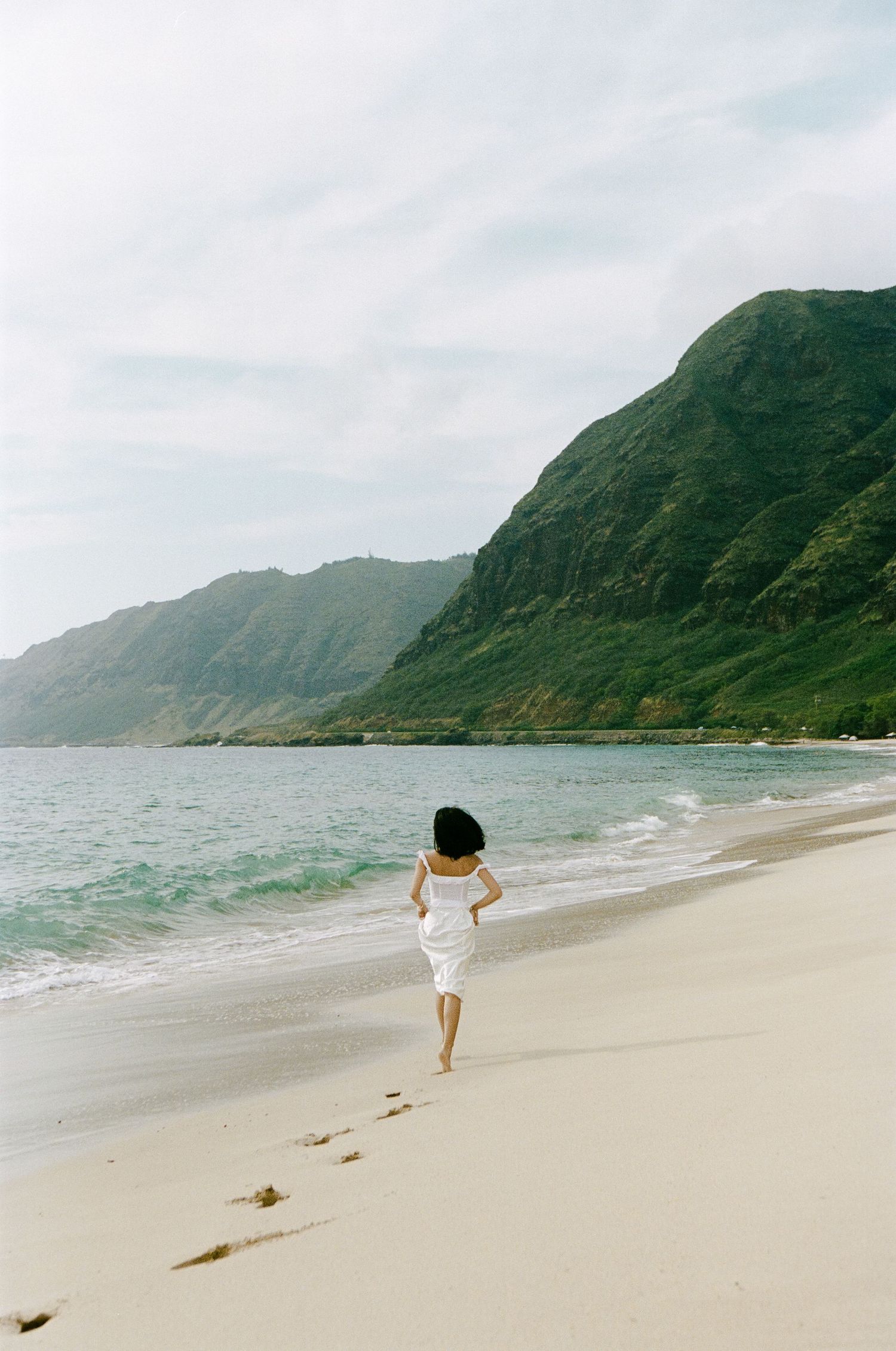 Woman in white dress walking barefoot on sandy beach leaving footprints with green mountains ahead.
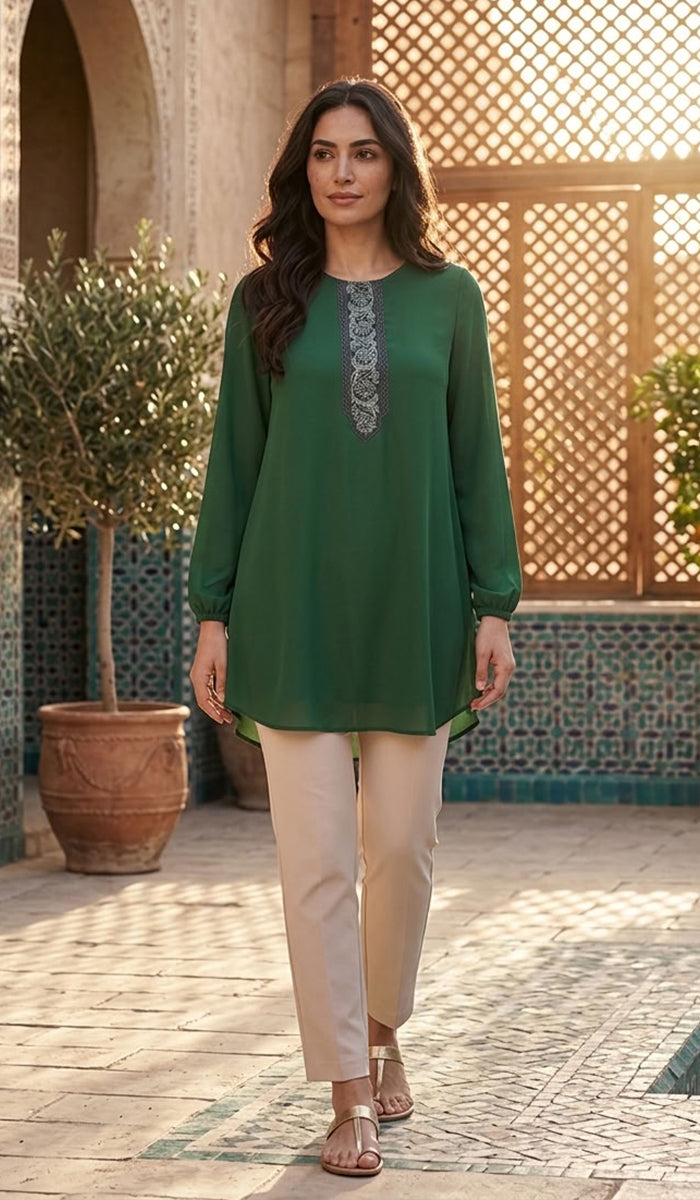 A woman modeling a green long-sleeve kurta with a silver embroidered neckline, paired with beige trousers, standing in a sunlit courtyard with tiled walls and wooden lattice screens.
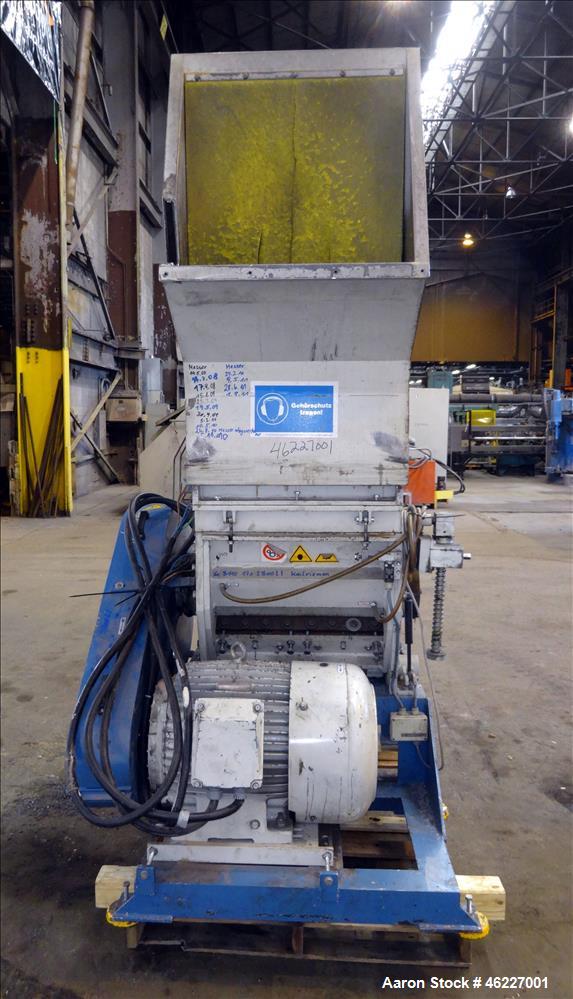 Used Tria Granulator, Carbon Steel. Approximate 20" x 26" feed throat with a bolt on feed hopper. Approximate (4) rows bolt on blades, open rotor, set up for bottom blower discharge with a 2.2kw blow...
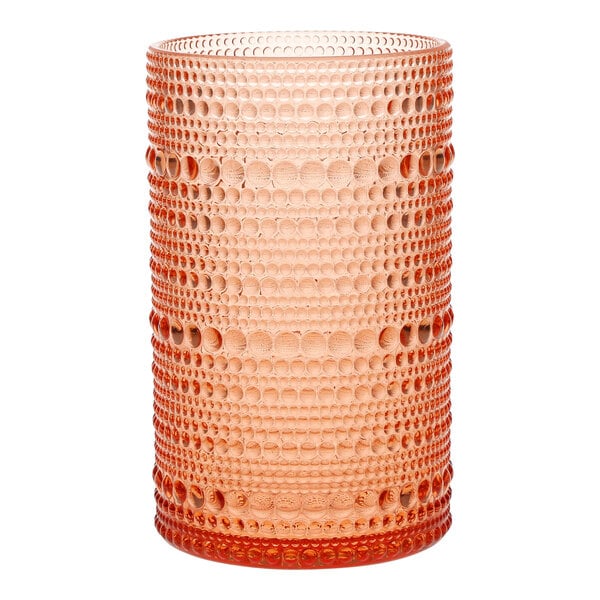 A Fortessa Coral Blush plastic highball glass with a patterned design.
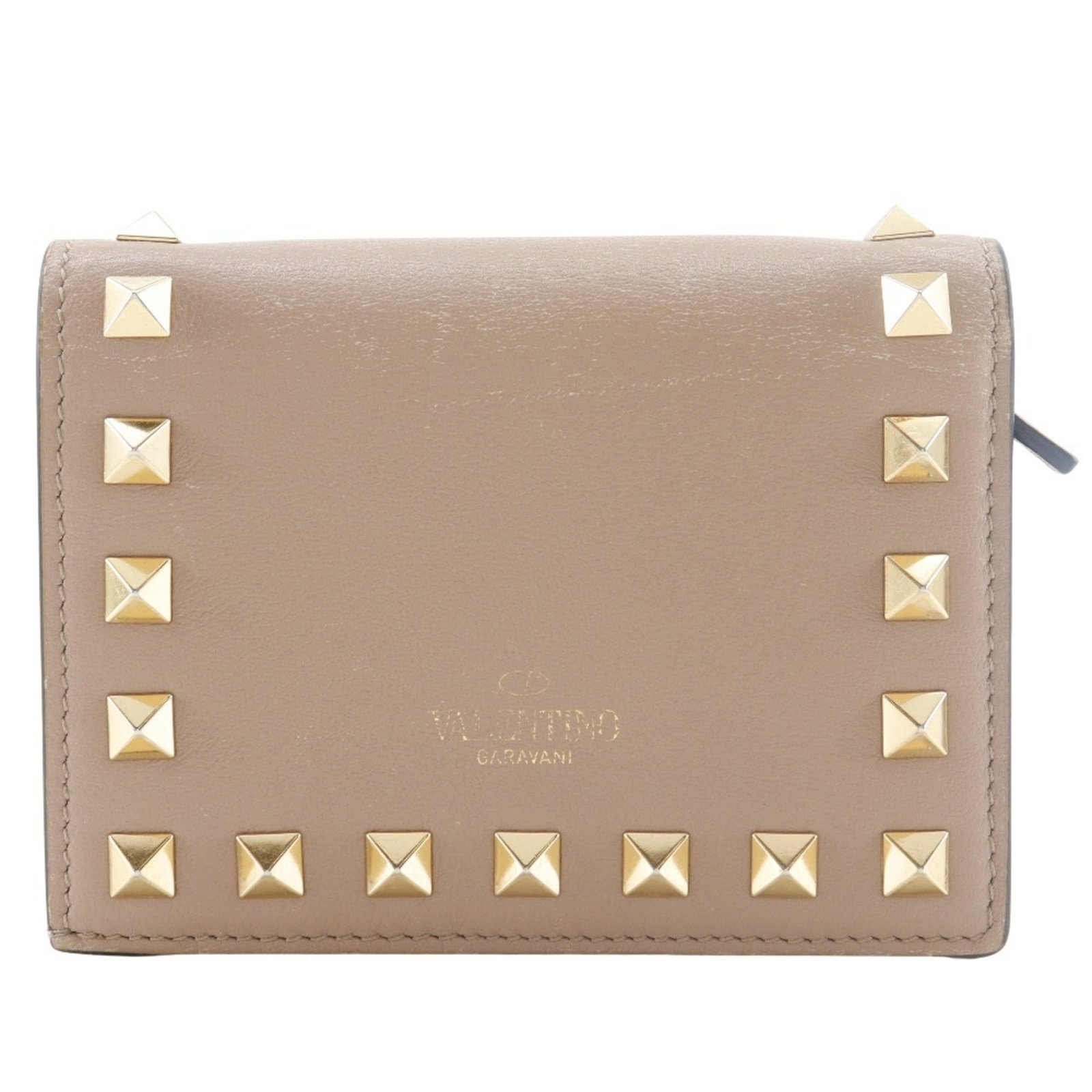 Valentino Wallet (Bi-Fold) Leather: Valentino Wallet (Bi-Fold) Leather Valentino's bi-fold leather wallet boasts a sleek design with a classic beige color, crafted from high-quality calfskin. The elegant dimensions and lightweight weigh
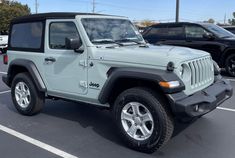 a light green jeep parked in a parking lot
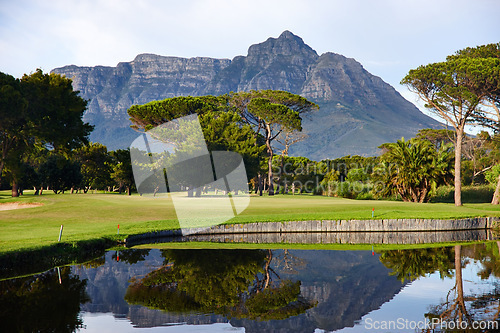 Image of Golf course, lake and mountain with trees of outdoor nature, scenery or sports ground. Empty field, green grass and view of natural elements with water, forest or colorful turf for park or wilderness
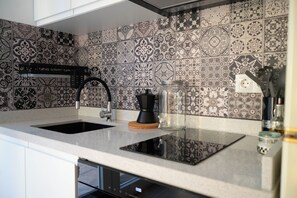 A kitchen with a black and white patterned backsplash, a black faucet, and a coffee maker on the counter.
·····
» INSTRUCTIONS FOR THE TASK
The whole listing should be reproduced exactly. Images don't go in.

» ANSWER
 Woman in white dress walking barefoot on sandy beach leaving footprints with green mountains ahead.
 A woman modeling a green long-sleeve kurta with a silver embroidered neckline, paired with beige trousers, standing in a sunlit courtyard with tiled walls and wooden lattice screens.
 Used Tria Granulator, Carbon Steel. Approximate 20" x 26" feed throat with a bolt on feed hopper. Approximate (4) rows bolt on blades, open rotor, set up for bottom blower discharge with a 2.2kw blow...
 A Fortessa Coral Blush plastic highball glass with a patterned design.
 Valentino Wallet (Bi-Fold) Leather: Valentino Wallet (Bi-Fold) Leather Valentino's bi-fold leather wallet boasts a sleek design with a classic beige color, crafted from high-quality calfskin. The elegant dimensions and lightweight weigh
 a light green jeep parked in a parking lot
 Image of Golf course, lake and mountain with trees of outdoor nature, scenery or sports ground. Empty field, green grass and view of natural elements with water, forest or colorful turf for park or wilderness
 A kitchen with a black and white patterned backsplash, a black faucet, and a coffee maker on the counter.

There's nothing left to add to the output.